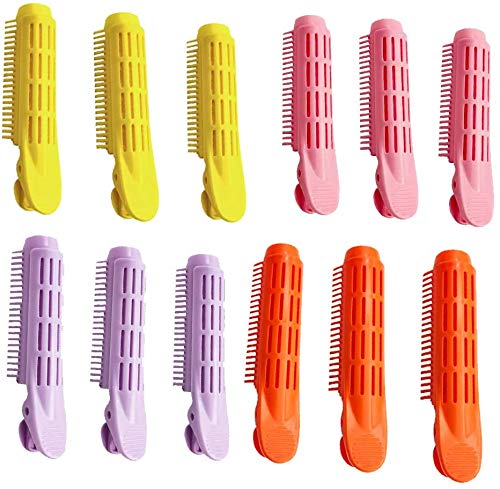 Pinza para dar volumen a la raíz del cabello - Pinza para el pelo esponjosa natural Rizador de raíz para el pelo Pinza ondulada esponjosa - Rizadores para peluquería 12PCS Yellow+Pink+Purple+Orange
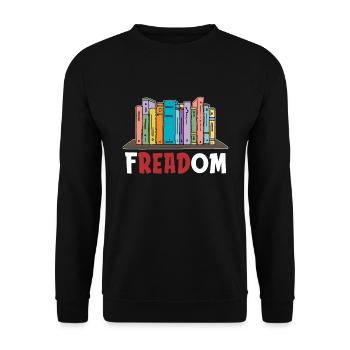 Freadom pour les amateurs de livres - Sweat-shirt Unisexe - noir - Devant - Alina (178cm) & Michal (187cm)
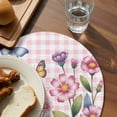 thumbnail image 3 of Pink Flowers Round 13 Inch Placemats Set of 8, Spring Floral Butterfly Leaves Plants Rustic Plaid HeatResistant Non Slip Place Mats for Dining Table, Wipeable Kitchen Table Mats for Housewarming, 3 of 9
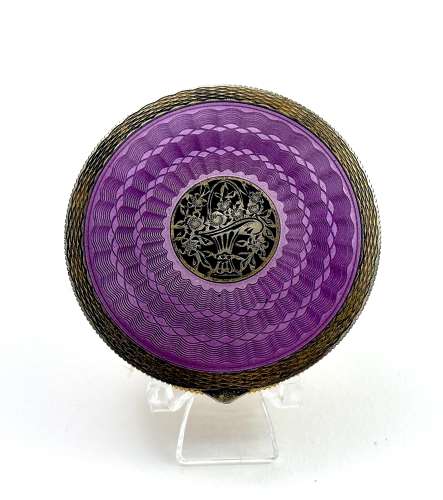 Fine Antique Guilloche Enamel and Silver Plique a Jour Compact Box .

--

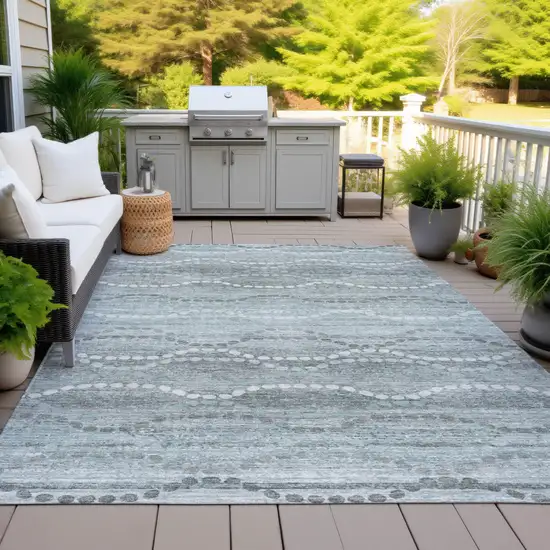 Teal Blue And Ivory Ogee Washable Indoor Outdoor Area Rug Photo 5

YOUR ASSIGNMENT: Above are the records; copy exactly the lines from the one with "Pinza para dar" through the one with "Fine Antique Guilloche", including both, and nothing more. Leave out pictures.

EXPECTED ANSWER:
 Pinza para dar volumen a la raíz del cabello - Pinza para el pelo esponjosa natural Rizador de raíz para el pelo Pinza ondulada esponjosa - Rizadores para peluquería 12PCS Yellow+Pink+Purple+Orange
 Freadom pour les amateurs de livres - Sweat-shirt Unisexe - noir - Devant - Alina (178cm) & Michal (187cm)
 thumbnail image 3 of Pink Flowers Round 13 Inch Placemats Set of 8, Spring Floral Butterfly Leaves Plants Rustic Plaid HeatResistant Non Slip Place Mats for Dining Table, Wipeable Kitchen Table Mats for Housewarming, 3 of 9
 Fine Antique Guilloche Enamel and Silver Plique a Jour Compact Box .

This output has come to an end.